IMF warns of global disaster as crypto market collapses

IMF warns of global disaster as crypto market collapses

The International Monetary Fund (IMF) has issued a warning about the potential risk cryptocurrency can pose to the global financial system. In a recent blog post two IMF officials, Bo Li and Nobuyasu Sugimoto, emphasized the increasing intertwining of traditional and crypto markets. Li and Sugimoto point out that price volatility in the crypto market due to collapsing crypto companies could harm the entire global market, according to IMF officials:

In times of stress, we have seen market failures from stablecoins, crypto-focused hedge funds, and crypto exchanges, which in turn raised serious concerns about market integrity and user protection. And with growing and deeper ties to the core financial system, concerns about systemic risk and financial stability may also arise in the near future.

Better regulation is needed

This may all look very negative, but the two IMF staff say many of these concerns can be addressed by strengthening financial regulation and oversight and by developing global legislation that can be consistently implemented by national regulators.

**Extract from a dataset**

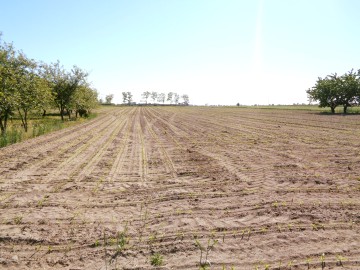Gmina Wilczyn – Dom z gruntem rolnym 1,74 ha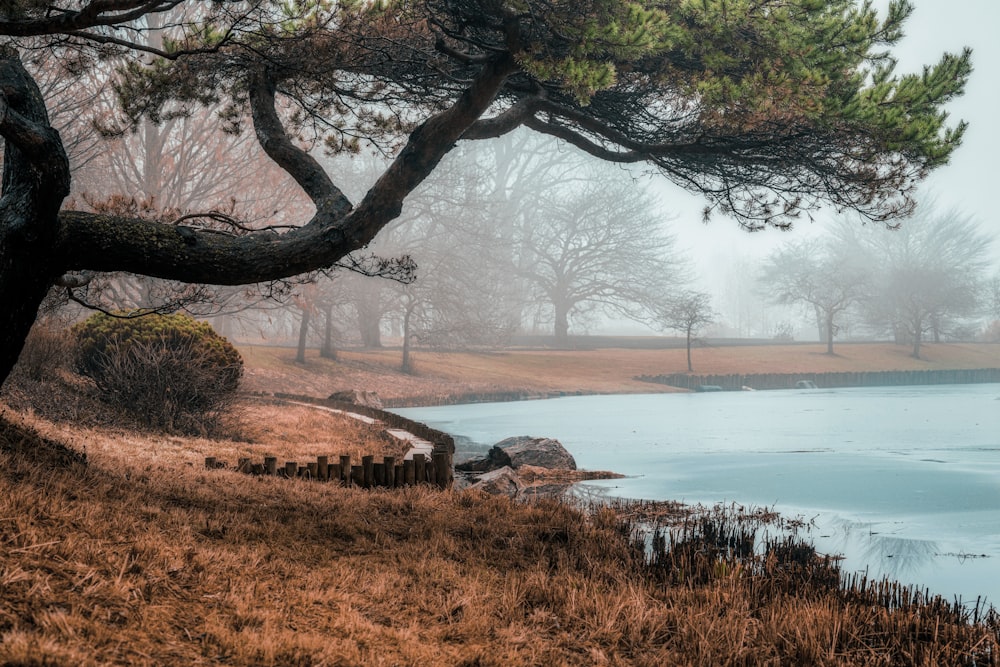 a body of water with trees around it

Stablecoins in particular are seen by the IMF as a major problem. This is because they can cause countries with a weaker currency to lose their monetary sovereignty. This, according to the officials, could pose a threat to a country’s financial stability. In addition to regulation, an important solution to prevent this is to improve traditional currencies and banking systems.

5 pillars to contain the risk of crypto

The International Monetary Fund (IMF) has outlined five key points for global regulators to consider in order to contain the risks posed by the cryptocurrency market.

First, providers of crypto asset services must be licensed, registered and authorized, with rules similar to those for traditional providers in the financial industry.

Second, entities performing multiple functions should be subject to additional prudential requirements and should not do so if conflicts of interest arise.

Third, stablecoin issuers must be subject to strict requirements to avoid undermining monetary and financial stability.

Fourth, there should be clear requirements for regulated financial institutions regarding their exposure to and involvement in crypto assets.

Finally, the IMF is calling for a robust, comprehensive and globally consistent approach to crypto regulation and supervision, as the cross-sector and cross-border nature of crypto limits the effectiveness of uncoordinated national approaches.